Welcome from Calgary.


----------



## whydontu (Aug 3, 2022)

Welcome from Vancouver!


----------



## PaulL (Aug 3, 2022)

And welcome from Victoria!


----------



## Doggggboy (Aug 3, 2022)

Welcome from Saskatchewan.
"Hobbies around my neck" is one of the best descriptions I've ever heard.


----------



## jcdammeyer (Aug 3, 2022)

Welcome from Victoria.


----------



## 6.5 Fan (Aug 3, 2022)

Welcome from SK.


----------



## thestelster (Aug 3, 2022)

Hey!!  From Keswick.


----------



## Tecnico (Aug 4, 2022)

Hello back & welcome aboard from another designer, this one near Halifax.
Your description of hobbies around the neck is great, I'm working at crossing things off my list as well and enjoying it!

D


----------



## Canadium (Aug 4, 2022)

Hello from Hamilton ON!


----------



## LenVW (Aug 4, 2022)

Welcome . . . 
I apprenticed as a machinist in the 1980s, but I soon found out that I wanted to do more.

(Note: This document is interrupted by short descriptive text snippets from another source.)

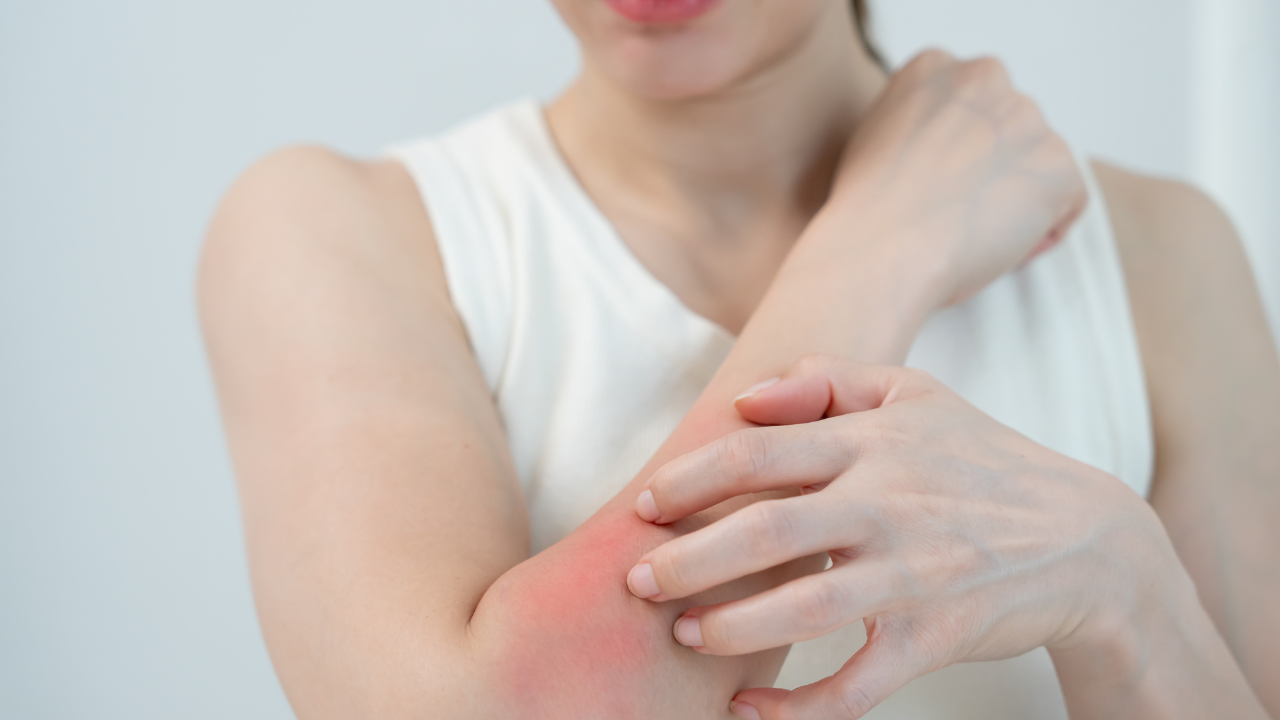 Vitamin C Overdose Side Effects: What Happens If You Exceed the Limit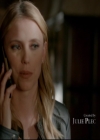 vampirediariesworld-dot-nl_TheOriginals5x04BetweenTheDevilAndTheDeepBlueSea00283.jpg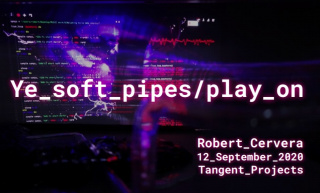 Ye_soft_pipes/play_on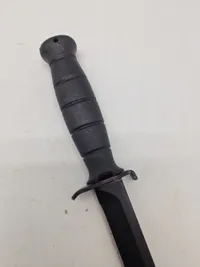Original Glock M/96 kniv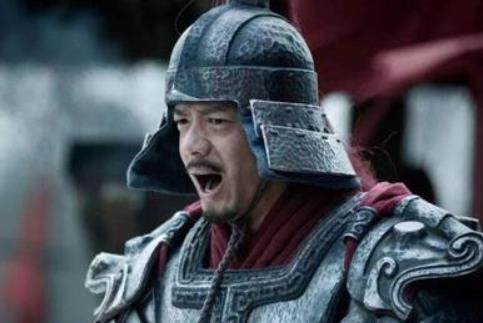 蒯通劝韩信“三分天下，鼎足而立”，他为何拒绝了？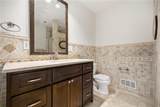 963 Columbia Drive - Photo 44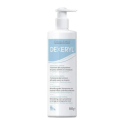DEXERYL 500G C/POMP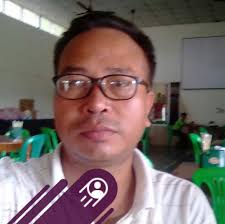 Congratulations 💐🙏🏼💐 Naveen Patwal ji for setup first professional  plant of Morel Mushroom Cultivation in the country। #morelmushroom  #mushroomthesuperfood !!great flush!!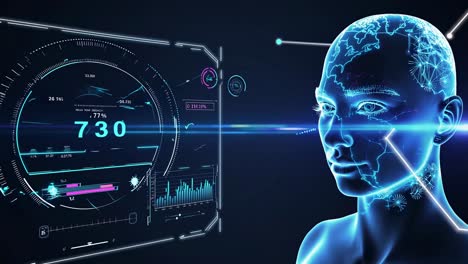 ai interface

I went back to school for Machinery Design and spent co-op work-terms at Kellogg’s Engineering in London, Ontario.
Following the completion of Project 2000, I was recruited by a company in the farmland North of London and designed some patented machinery for a corrugated HDPE pipe company.
At the same time I graduated from a four year course at the Ivey Business School at nights.

Technology transfers from Norway, MRPII & PLM software implementations and capital machinery projects have made forty years seem like a blur !!

These CHMW guys come from all types of backgrounds.


----------



## Mcgyver (Aug 4, 2022)

Welcome, I went to G W Williams so have an affinity toward Aurora-ites.....although its sure changed quite a bit in 40+ years.  A study in paving over a country side of rolling farmland lol.

Please do show us what you are working on the these days.

Mike


----------



## Chip Maker (Aug 4, 2022)

Welcome from Peterborough Ont.! Moved here from Aurora after retiring!


----------



## Susquatch (Aug 5, 2022)

bigHUN said:


> Entered to this Forum just to say HI to all, and maybe we can figure something new and exciting together .



You can count on it! We all LOVE to keep other members busy and we all LOVE to help them spend their money!

Welcome from farm country south of Chatham Ontario.

If you spend a bit of time checking out the different forum sections, you will get ideas. Lots Of Ideas..... TOO MANY IDEAS..... LOL!

We also have fun here.

I've been retired for 15 years now and my projects to do list has been growing exponentially faster than my completions ever since I joined. God willing, I'll die with a smile on my face making something. Hopefully babies...   But a nice quill dro for my mill, or a simple tramming tool, or a rotary table indexing system will do too.

Lots of great people on here. Made many new friends. Lots of laughs. Learned a crap load of new things. Made some really cool stuff. Ya, retirement is good. I like this forum.

Welcome!


----------



## 140mower (Aug 5, 2022)

Welcome from Lillooet BC. .
Mostly I just make mistakes, but once in a while a usable trinket rolls out of the shop...... The fun is in the trying, 'cause without that, the grey matter upstairs starts taking days off........


----------



## David_R8 (Aug 5, 2022)

Another welcome from Victoria!


----------